Eddy: Yes, 50 is fabulous
And thank you J Lo for reminding us how wonderful each of us is
I just turned 50, and for some reason reaching that milestone really bothered me. I know it’s silly and it’s just a number, but for me, turning 50 felt like saying goodbye to sexiness and vibrancy.
I’m fortunate. I’m healthy and have two great kids, but I’m also single and not exactly where I thought I’d be at 50. I’m not sure what I expected, I never daydreamed about it, but now it’s here and I’m stunned. How did this happen so quickly? And my God, I’ve got to get my ass in gear because there are so many things I still need to get done.
By society’s standards, 50 is old. Which is weird because I don’t feel old. Maybe tired some days – and, oh yeah, there’s that hormonal thing with the hot flashes, which is kind of annoying, but it doesn’t define me.
There is so much noise about Jennifer Lopez being 50 and her halftime show that it has raised the question: What is a woman supposed to look like at 50? At 50, I think a woman has earned the right to look and present in a way that she feels is best for her.
It surprised me how people had such strong opinions, both positive and, especially, negative, about J Lo. I watched her performance and thought, “Damn she looks amazing! She nailed it!”
Her timing, her athleticism, her muscles. It made me feel like if she can be that sexy, then I can be sexy at 50, too (just in my own way).
For those (like an opinion writer for The New York Times) who said they feel “personally judged by J. Lo’s Body,” I say shame on you.
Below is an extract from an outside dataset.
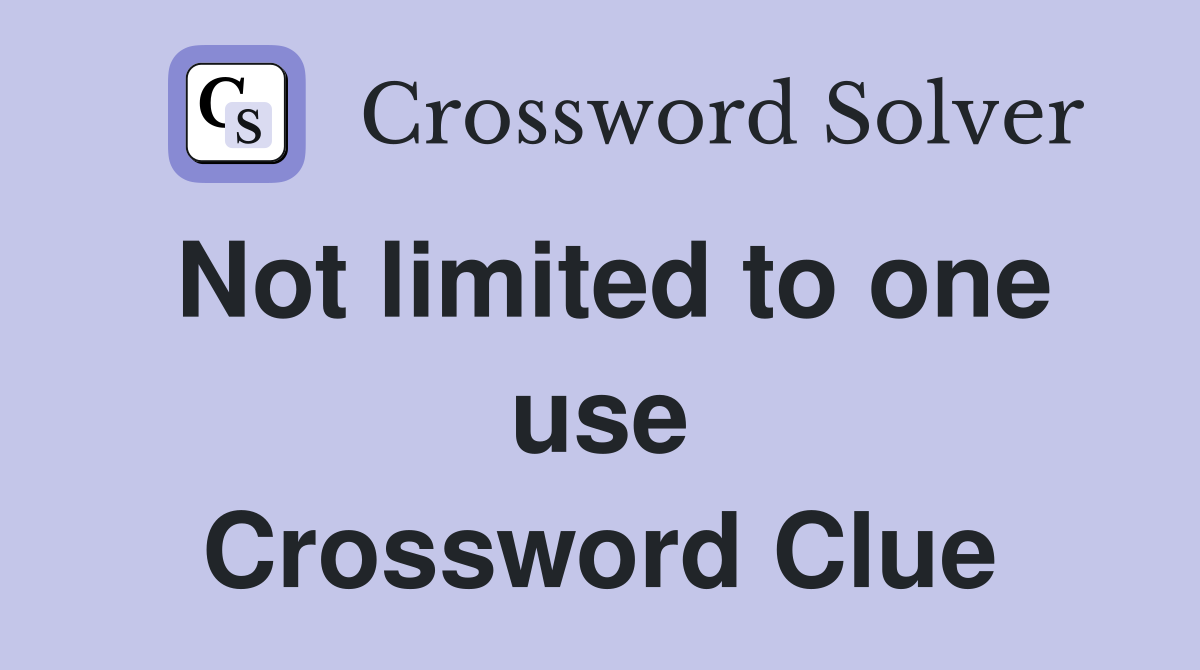 Not limited to one use Crossword Clue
This is where we get into trouble as women, when we start comparing ourselves to other women. Let’s celebrate our sisters instead of putting them down.
Just because J Lo seems ageless doesn’t mean we all have to age in the same way. Comparing ourselves against each other isn’t healthy or productive. Remember – there will always be someone younger-looking, richer, smarter, stronger and sassier than you.
We need to stop obsessing over the fact that we don’t have the same leg tone as J Lo and focus on the things that we each do amazingly well. Let’s applaud this woman for taking a risk and putting herself out there, not nitpick her to death in order to make ourselves feel better. If women are going to get ahead, we need to spend more time supporting not shaming. Another woman’s success shouldn’t make us feel deficient. It should inspire.
I’m older, wiser and finally have a confidence that matches my body. I’m smarter because of my experiences, stronger because I’m battle-tested and sassier because I don’t really care what people think anymore. I know I’m not as physically ravishing as J Lo, and that’s fine. I don’t need to be. I get to be stunning in my own way.
J Lo didn’t make me feel bad about my body. Only I have the power to do that to myself. Instead, she reminded me that, at 50, I still have the power to be anything I want.
So don’t worry about J Lo and how SHE looks, be the best version of YOU, whatever that looks like.
Tiffany Eddy is founder and CEO of Smart Strong Sassy, a platform and brand where women show their support for other women by sharing stories to support and empower one another.